Créer son activité en Suisse : Indépendant, Sàrl ou SA ?

Créer son activité en Suisse : Indépendant, Sàrl ou SA ?

Un guide pratique pour choisir la bonne structure juridique

Introduction

Se lancer dans une activité professionnelle en Suisse est une démarche relativement accessible comparée à d’autres pays européens. Le cadre légal est stable, la fiscalité est compétitive et les démarches administratives, bien qu’obligatoires, restent maîtrisables. Mais avant de signer quoi que ce soit, une question fondamentale se pose : quelle forme juridique choisir ?

Ce choix a des conséquences directes sur votre responsabilité personnelle, votre fiscalité, votre crédibilité vis-à-vis des clients et partenaires, ainsi que sur votre capacité à faire évoluer votre activité dans le temps.

Il existe trois structures principales que l’on rencontre le plus souvent en Suisse pour les entrepreneurs individuels et les PME :

L'activité en raison individuelle (communément appelée « indépendant »)
La Société à responsabilité limitée (Sàrl)
La Société anonyme (SA)

Voici ce qu’il faut réellement savoir pour faire le bon choix.

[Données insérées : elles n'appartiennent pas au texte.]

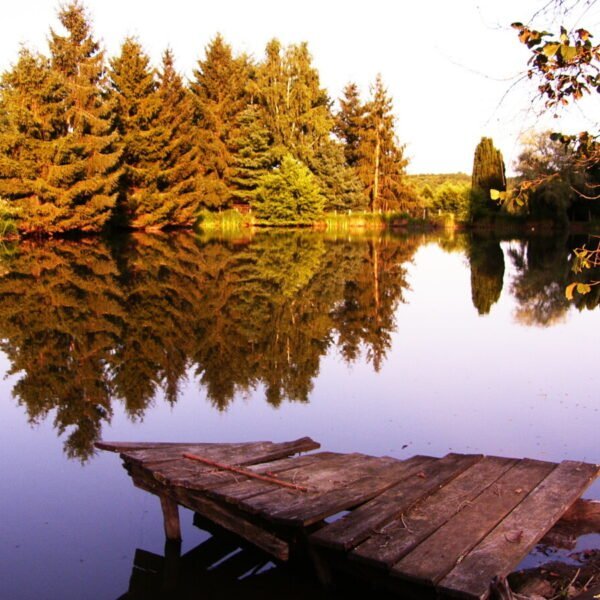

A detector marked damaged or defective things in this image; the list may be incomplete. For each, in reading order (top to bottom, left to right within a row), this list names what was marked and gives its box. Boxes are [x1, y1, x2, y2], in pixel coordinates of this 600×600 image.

splintered wood [96, 436, 596, 600]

1. L'Indépendant — La raison individuelle

Ce que c'est

La raison individuelle est la forme la plus simple pour exercer une activité professionnelle à titre personnel. Il n’y a pas de personne morale distincte : vous êtes vous-même l’entreprise. Si votre chiffre d’affaires annuel dépasse CHF 100 000, l’inscription au Registre du commerce (RC) devient obligatoire. En dessous de ce seuil, elle est facultative mais reste possible.

Comment ça se crée

La création est simple et peu coûteuse. Il suffit de s’annoncer à la caisse de compensation AVS cantonale en tant qu’indépendant, de s’inscrire à la TVA si le chiffre d’affaires dépasse CHF 100 000, et d’effectuer l’inscription au RC si nécessaire. Il n’y a pas de capital minimum requis.

Avantages

Simplicité administrative : création rapide, peu de formalités, pas d’acte notarié.
Coûts réduits : pas de frais de constitution significatifs, pas de capital à immobiliser.
Flexibilité totale : vous prenez vos décisions seul, sans assemblée ni procédure.
Fiscalité directe : le bénéfice est imposé comme revenu personnel, ce qui peut être avantageux à faible revenu.

Inconvénients

Responsabilité illimitée : c’est l’inconvénient majeur. En cas de dettes professionnelles, votre patrimoine privé (compte bancaire, véhicule, appartement) peut être saisi.
Crédibilité limitée : certains clients institutionnels ou grandes entreprises préfèrent traiter avec une société constituée.
Financement plus difficile :les banques et investisseurs sont généralement moins enclins à financer une raison individuelle.
Pas de séparation patrimoine : aucune frontière entre vos finances personnelles et professionnelles.
Transmission difficile: en cas de vente ou de cession de l’activité, la structure est peu adaptée.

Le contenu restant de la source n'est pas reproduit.